The process was hung up on a lot of decisions that were distractions from the whole point of this exercise (which is to build the habit of writing regularly). In software development, I subscribe to the philosophy that you should identify the piece of what you are building that is a key differentiator and spend time writing that code. Then, try to find outside tools to handle the rest.
In this case, the writing (one hopes) is the differentiator. Spending time on areas outside of that (e.g. selecting a platform to use, picking a theme, choosing a domain name) was painful. I was particularly paralyzed by aesthetics. While there was no choice that I was likely to make that would be a positive differentiator, I certainly could have picked something so awful that it was a distraction from the content.
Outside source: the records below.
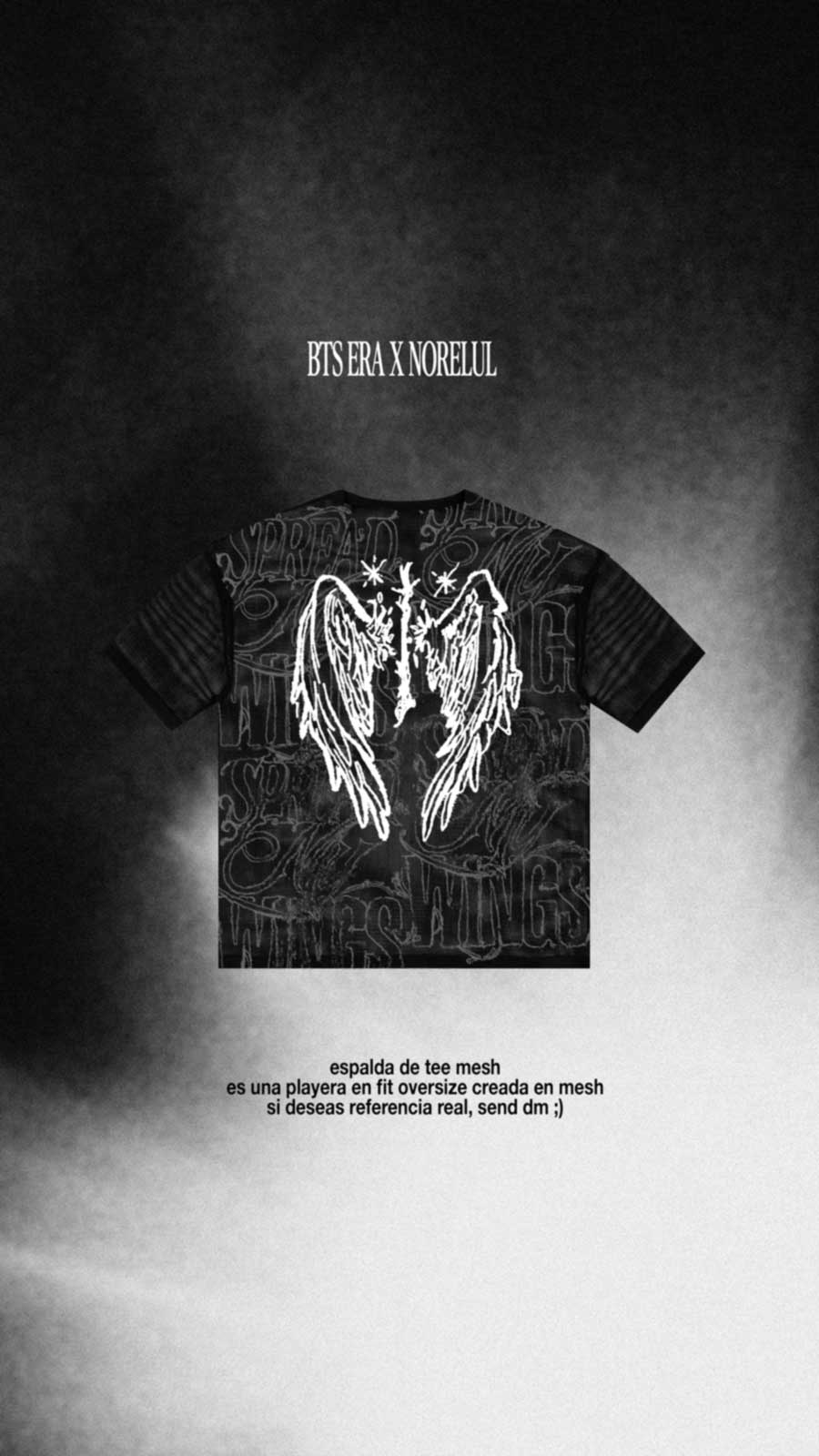Shadow Wings Mesh Oversize Tee | WINGS Pt1 BTS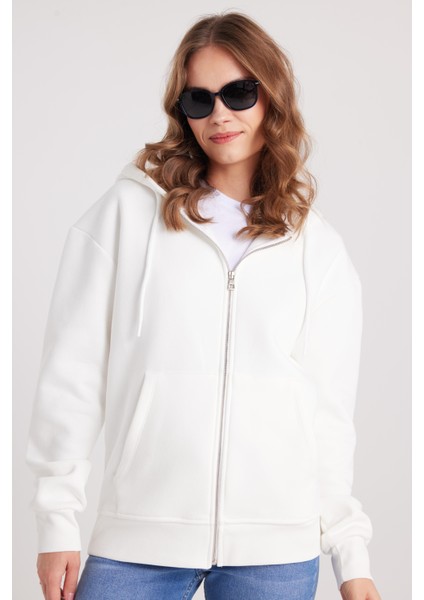 Kadın Relax Fit Rahat Kesim Pamuklu Içi Polarlı Çift Cepli Fermuarlı Beyaz Kapüşonlu Sweatshirt indirimleri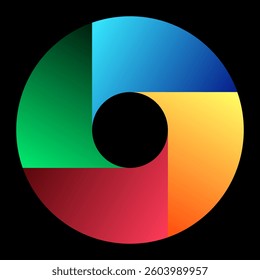 Creative abstract colorful circle. Geometric spiral as logo or icon template.
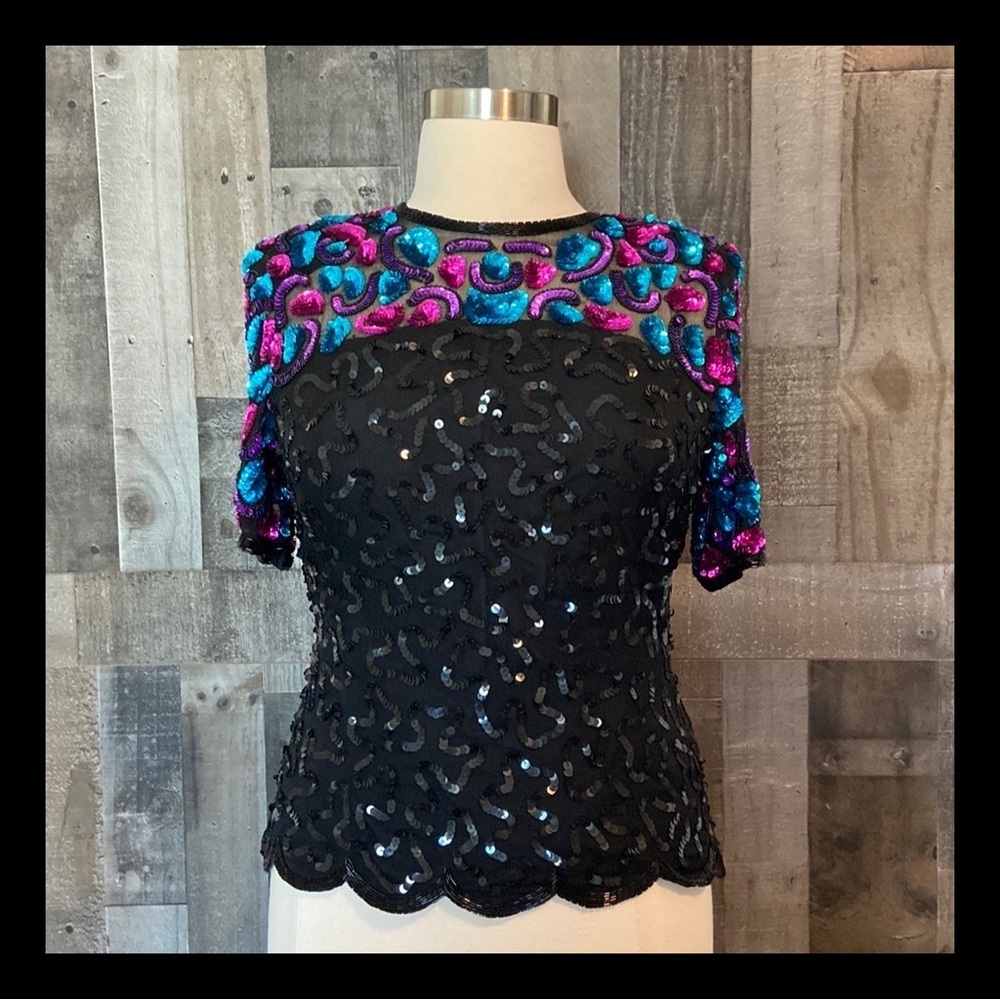 Stenay vintage 80s beaded sequin top large silk scalloped hemline Mermaidcore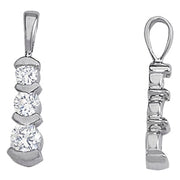 18K White Gold 1 ct tw Three Stone Diamond Pendant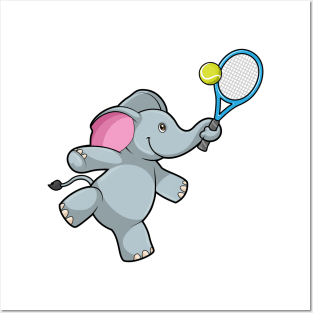 Elephant at Tennis with Tennis racket Posters and Art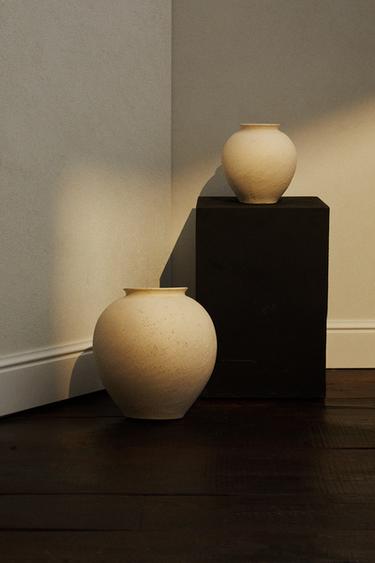 TEXTURED CERAMIC VASE - Grey by Zara - Image 6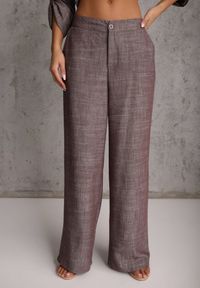 Renee - Brązowy Komplet z Wiskozą Bawełną i Lnem Wiązana Koszula i Szerokie Spodnie Ravisela. Kolor: brązowy. Materiał: wiskoza, bawełna, len #5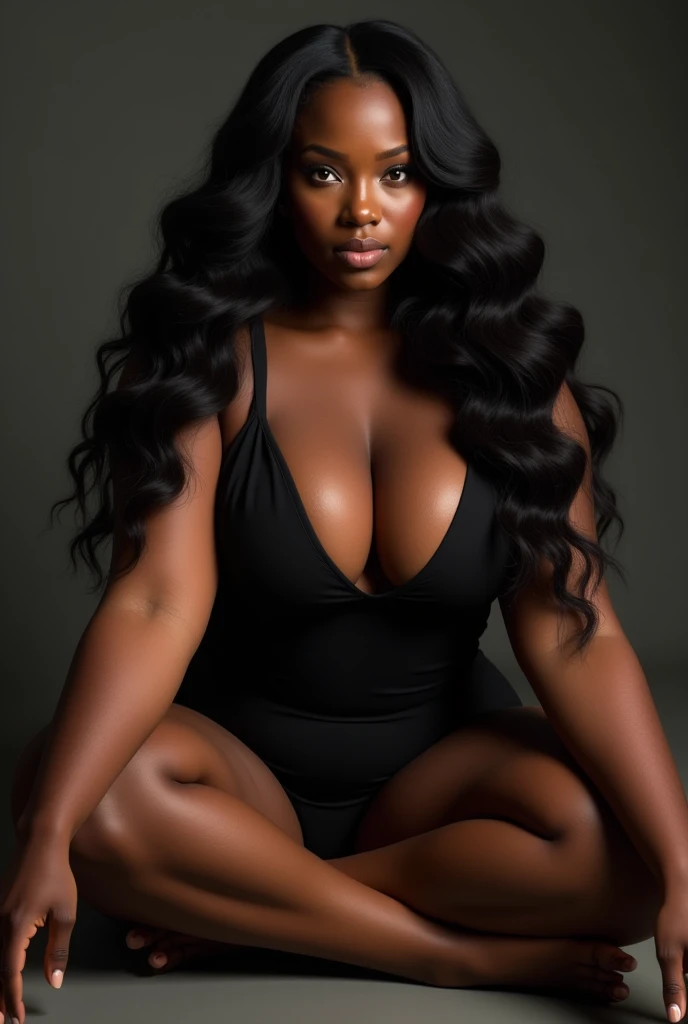 (photorealism:1.2),  powerful Dark chocolate brown skinned toned melanin
 bbw super thick plus size obese, curvaceous woman long beautiful flowing hair exuding a findom persona exuding with an intense, hypnotic gaze. beautiful woman, big breasts sits with her legs stretched out, taking a realistic photo
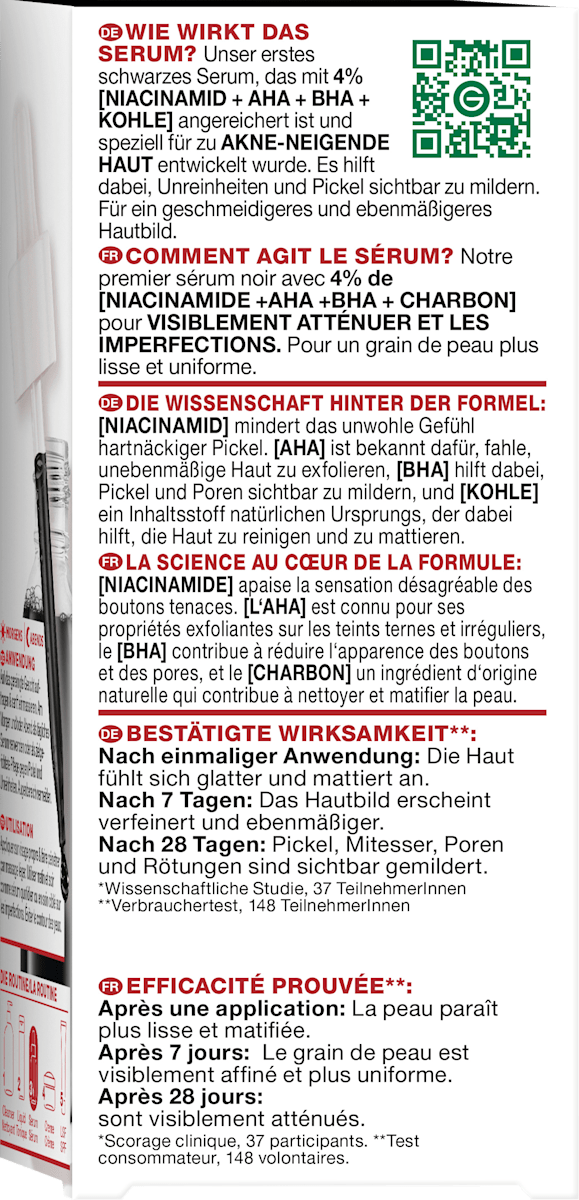 Garnier Skin Active Serum Anti-Blemish AHA + BHA Charcoal, 30 ml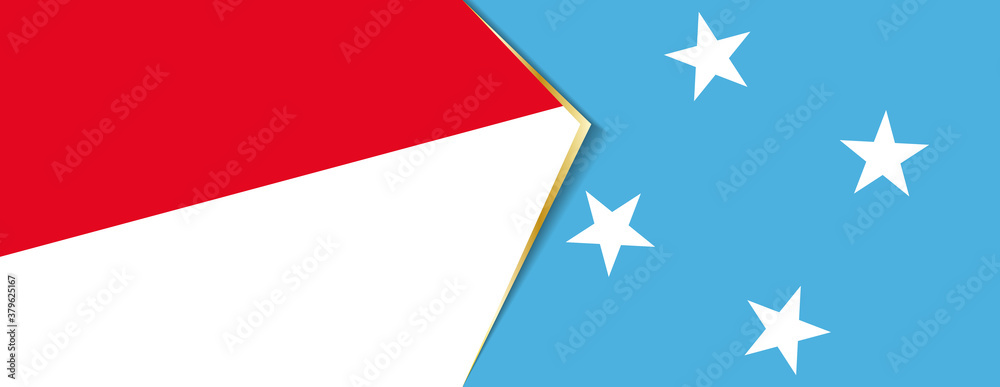 Monaco and Micronesia flags, two vector flags. Monaco and Micronesia flags, two vector flags.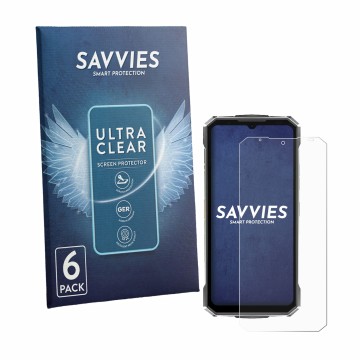Parte frontal de un envase de producto con el logotipo de la marca Savvies. Al lado se muestra el dispositivo Doogee Fire 7 Ul
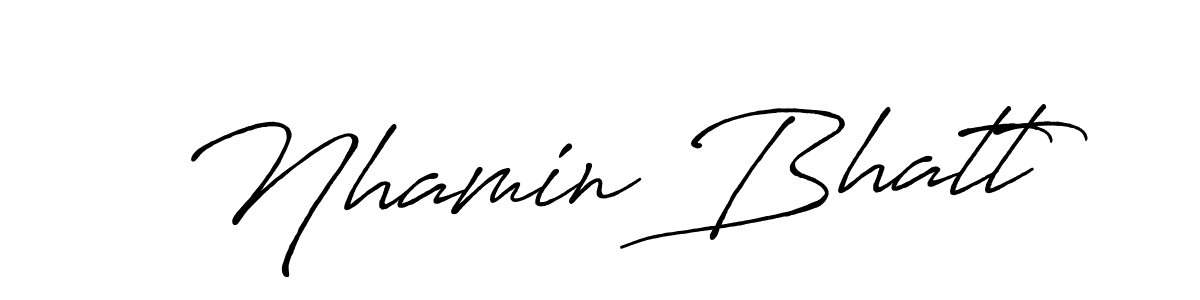 How to make Nhamin Bhatt name signature. Use Antro_Vectra_Bolder style for creating short signs online. This is the latest handwritten sign. Nhamin Bhatt signature style 7 images and pictures png
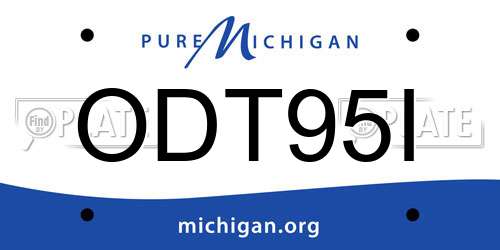 ODT95I Michigan License Plate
Ironically, the least important decisions took the longest to make because I so deeply desired to not spend time on them at all. In project
management parlance, my behavior had transformed these decisions that should have been both low effort and low value into those that were high effort but still low value.
I’m over it. This weekend I decided to pick the path of least resistance. Substack is both very easy to set up and very free. Of the tools out there, it is the fastest way to deliver value (i.e. published writing). Perhaps the most valuable feature in Substack so far is that its defaults are all fine. No additional aesthetic choices needed. Now I can focus on writing.